2)    Get professional advice early: Residents and new doctors have limited income and very limited time. Even so, you can invest in establishing quality professional relationships with people who can grow with you as your career and household progress financially.

  • Personally: Of course you want to celebrate your success, but given the reality of your expenses, it would be prudent to have discussions with your financial team before buying your first home or car, and before buying that investment property you heard about.
  • Professionally: There are financial and tax consequences to every career decision you make, so try to quantify the outcome and get a good understanding of the pros and cons before deciding. This means not relying on shop talk you hear in the doctor’s lounge. Do you know that tax advice given to a contract person is dramatically different than tax advice given to a salaried doctor, which is different than tax advice given to a doctor who owns her own practice? Yes, a friend can help you incorporate on-line, but can a friend diagnose whether or not you should be a corporation? As a doctor you understand this – any quack can write a prescription, but it takes skill to evaluate and diagnose a patient to get the right prescription.
  • Overall: At your income level, a professional team of specialists would generally be appropriate. Sure, some people are well served by having one expert handle their investments, insurance, legal advice and taxes. But most doctors need a team of specialists that communicate with each other for your benefit.

3)   Deal with it – Career choice and finances are linked: Some will tell you to choose what you love and the money will follow. Others will advise to recognize how much debt you’ll have and pick the specialty that will most quickly pay it off. But neither is the prudent method. Instead, your career plan should be made in conjunction with your desired financial path.

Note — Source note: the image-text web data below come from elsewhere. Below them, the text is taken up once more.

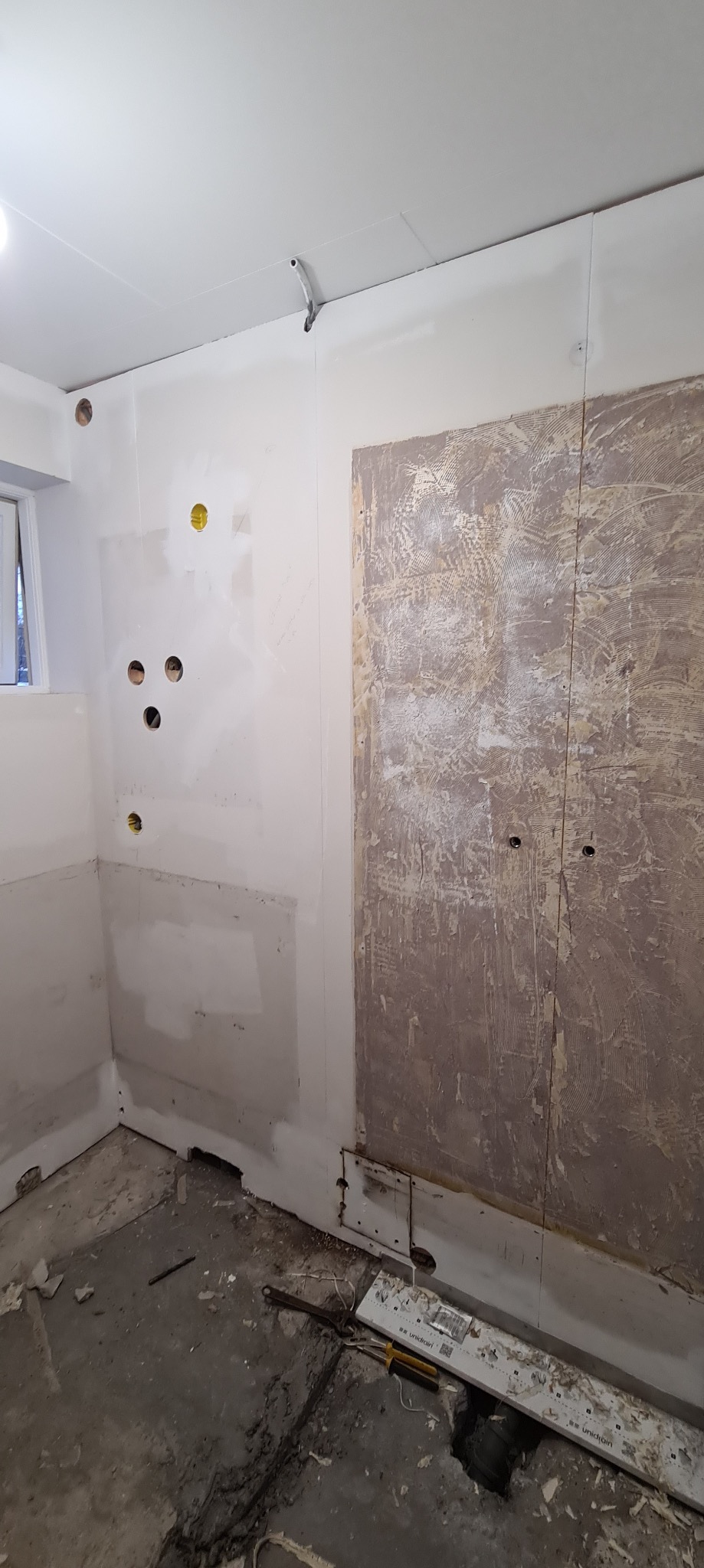 Wnętrze w trakcie prac przygotowawczych: odkryte ściany z widocznymi śladami po starej okładzinie, wywiercone otwory na instalacje, surowy beton na podłodze, narzędzia i listwa przypodłogowa leżące...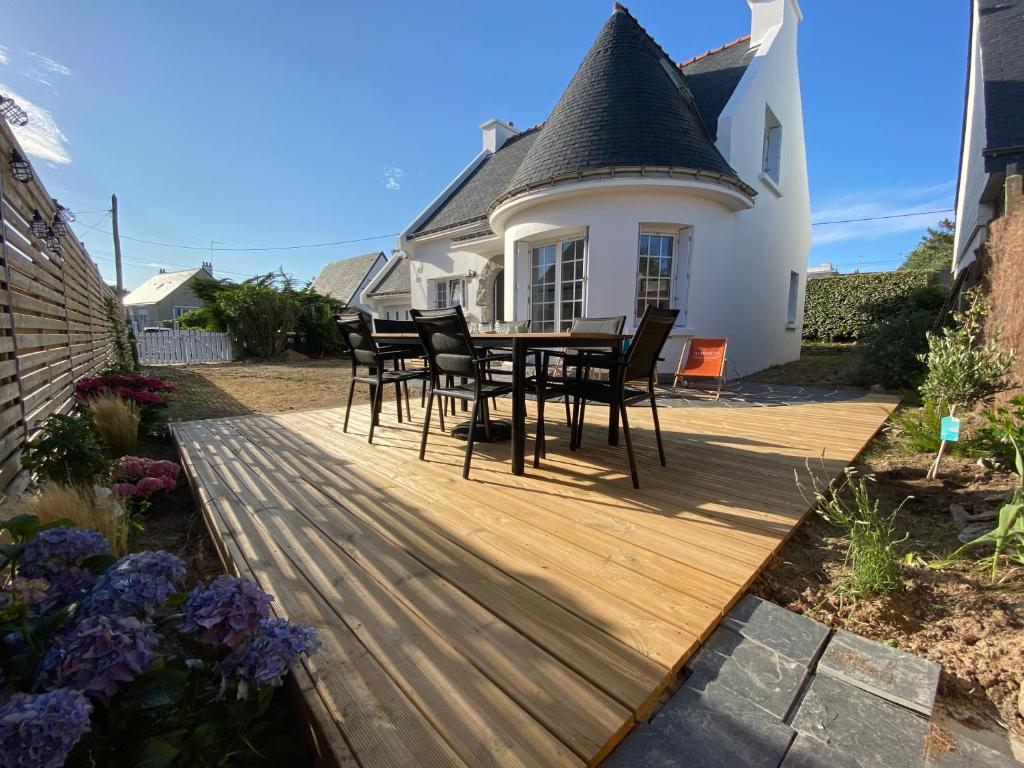 une terrasse en bois avec des chaises et une table sur une maison dans l'établissement Quiberon, à Quiberon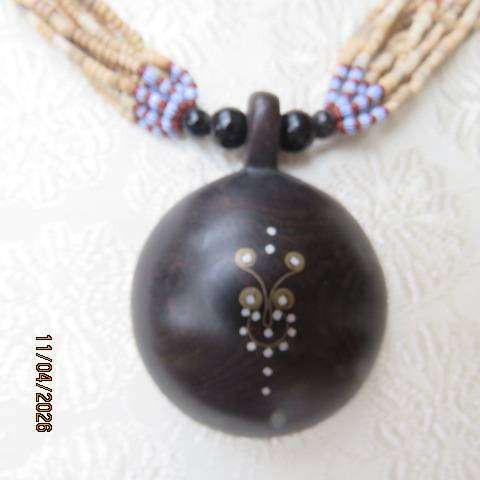 Ethnic style wooden and bead choker with blue-red accents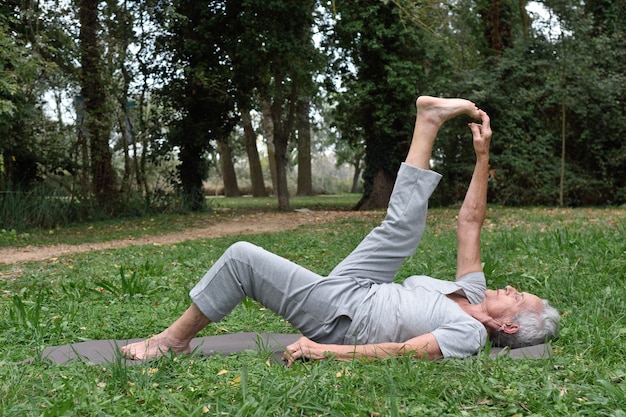 Elderly woman practicing yoga outdoors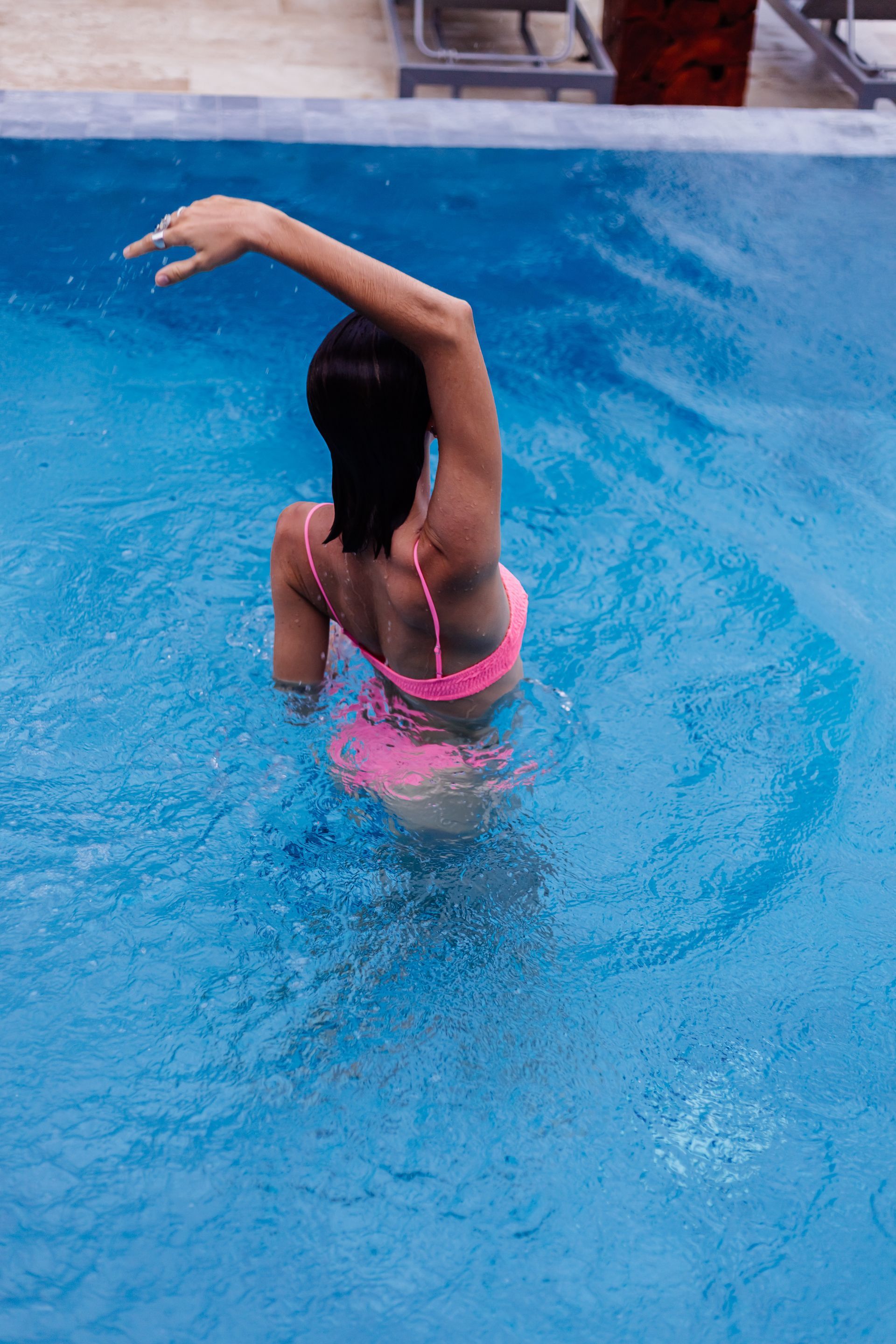 A woman in a pink bikini is standing in a swimming pool.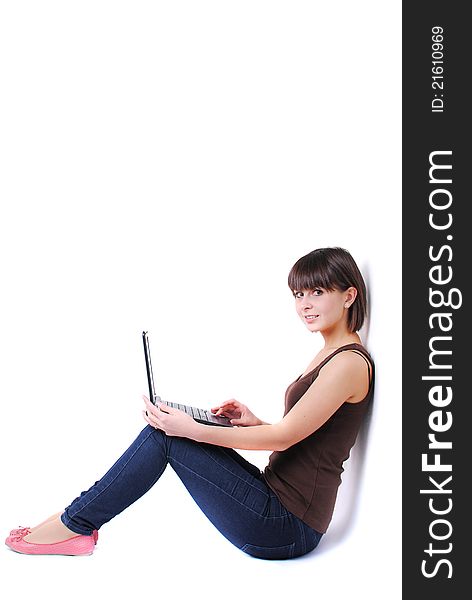 Pretty woman sitting against wall with laptop
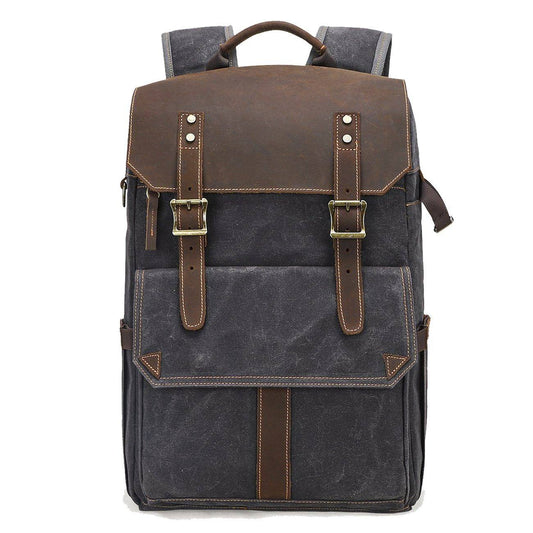 Front of gray waxed canvas backpack with leather flap, twin buckle straps and front pocket.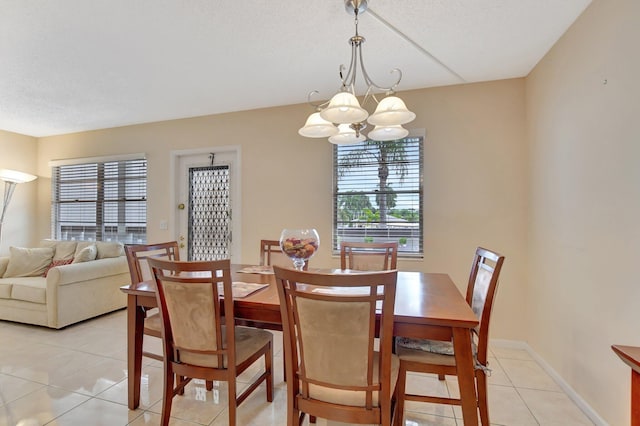 tiled dining area with an inviting chandelier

  • In addition to leaving undergrad with as little debt as possible, have a frank discussion with the financial aid officer prior to accepting a seat at a medical school.  If you still have some options when it comes to selecting your medical school considering a state school for medical school or establishing residency in the state  to qualify for in-state tuition.
  • Of course you want a profession that is fulfilling, but no job is great 100% of the time. Just as you performed a thorough investigation before selecting medical schools, you should put concerted effort into planning the next phase of your life – and this next phase of your life includes tough financial choices. For example, if you are exiting medical school with substantial debt then you have two realistic options: 1) chose a specialty that will generate enough income to pay the debt, or 2) identify debt forgiveness or debt reduction programs through community service, etc. and select a profession that is supported by these programs.
  • Have a multiple year plan for your finances that mirrors your career plan. Of course, this is not an instruction book to be followed fervently, but it helps you create a general awareness of what is appropriate and affordable as you move forward.

In summary, make the hard choices with intent. Be intentional about making professional choices commensurate with the financial choices you’ve made. By controlling your expenses and getting a professional team that works together – and one that you’re willing to listen to – to develop a financial plan, you will be well ahead of your peers.